Inoltre, da quanto riferito dal ragazzo alla consulente del Tribunale, pare che egli sia collocato in un’associazione nella quale ci sarebbe un insieme di famiglie tra loro parenti e consanguinei (anche l’affidataria del minore sarebbe parente diretta della responsabile dell’associazione). Risulterebbe inoltre che i genitori affidatari abbiano più di 60 anni e che tra i 20 bambini affidati loro ci sia anche un bimbo di un anno.

In seguito a quanto emerso nel corso della Consulenza d’Ufficio, l’avvocato della mamma, Francesco Miraglia, ha presentato un’istanza urgente alla Procura per i Minorenni di Milano e ha informato immediatamente l’Assessore alle Politiche Sociali dott. Pierfrancesco Majorino e il Garante per l’Infanzia dott.ssa Anna Maria Caruso, per chiedere chiarimenti. Ora si attende la risposta delle autorità competenti.

Secondo l’avv.to Miraglia:

“In questo caso si dimostra come la giustizia minorile in Italia non sia a misura di bambino.

Com’è possibile che un bambino possa rimanere nel limbo di un affidamento dal 2010?

Ancora più incredibile è che un minore possa incontrare sua madre in ambiente protetto da più di 7 anni per un’ora ogni 15 giorni?

Chiedo all’Assessore, al Garante e alla Procura di fare luce sulla vicenda.”

“Ci chiediamo perché il professionista che ha valutato il collocamento di questo bambino nel lontano 2013 non abbia rilevato le criticità di questo affidamento.”

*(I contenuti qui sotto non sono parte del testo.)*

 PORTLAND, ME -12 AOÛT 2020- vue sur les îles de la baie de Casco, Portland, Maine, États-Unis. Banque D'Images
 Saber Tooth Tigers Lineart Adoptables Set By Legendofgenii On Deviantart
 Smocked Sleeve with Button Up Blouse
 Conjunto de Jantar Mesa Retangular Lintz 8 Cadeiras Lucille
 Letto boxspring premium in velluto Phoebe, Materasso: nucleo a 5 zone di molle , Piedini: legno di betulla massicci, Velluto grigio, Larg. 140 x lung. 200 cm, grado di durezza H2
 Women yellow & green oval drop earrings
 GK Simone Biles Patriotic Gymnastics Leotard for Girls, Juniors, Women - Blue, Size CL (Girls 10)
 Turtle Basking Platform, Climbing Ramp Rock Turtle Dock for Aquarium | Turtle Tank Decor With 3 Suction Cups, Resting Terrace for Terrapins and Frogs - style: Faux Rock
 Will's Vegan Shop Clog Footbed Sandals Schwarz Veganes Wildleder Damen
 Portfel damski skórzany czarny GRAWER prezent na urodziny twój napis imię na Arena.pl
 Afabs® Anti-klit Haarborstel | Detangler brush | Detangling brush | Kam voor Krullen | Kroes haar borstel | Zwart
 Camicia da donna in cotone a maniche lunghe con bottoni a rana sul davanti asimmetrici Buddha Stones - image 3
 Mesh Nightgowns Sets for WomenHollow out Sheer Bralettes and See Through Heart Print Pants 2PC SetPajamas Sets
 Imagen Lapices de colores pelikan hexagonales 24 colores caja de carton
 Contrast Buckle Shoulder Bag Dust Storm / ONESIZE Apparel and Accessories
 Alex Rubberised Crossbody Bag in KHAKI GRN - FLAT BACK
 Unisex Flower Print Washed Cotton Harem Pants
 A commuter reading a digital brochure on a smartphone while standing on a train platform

Incalza Paolo Roat Responsabile Tutela Minori del Comitato dei Cittadini per i Diritti Umani (CCDU) Onlus. Che continua:

“Dalla sua relazione si evince che, secondo lui, togliere il bambino alla famiglia affidataria e riaffidarlo alla mamma avrebbe potuto destabilizzarlo solo perché sembrava molto più piccolo rispetto alla sua età e il suo gioco preferito era di nascondersi e di farsi ritrovare.

Quando certe teorie psichiatriche, figlie di una disciplina priva di fondamenti scientifici, entrano nella giustizia minorile possono causare dei grossi danni come appare essere il caso di questo bambino.

Ci auguriamo che le autorità competenti si muovano velocemente per chiarire una vicenda che appare inquietante.”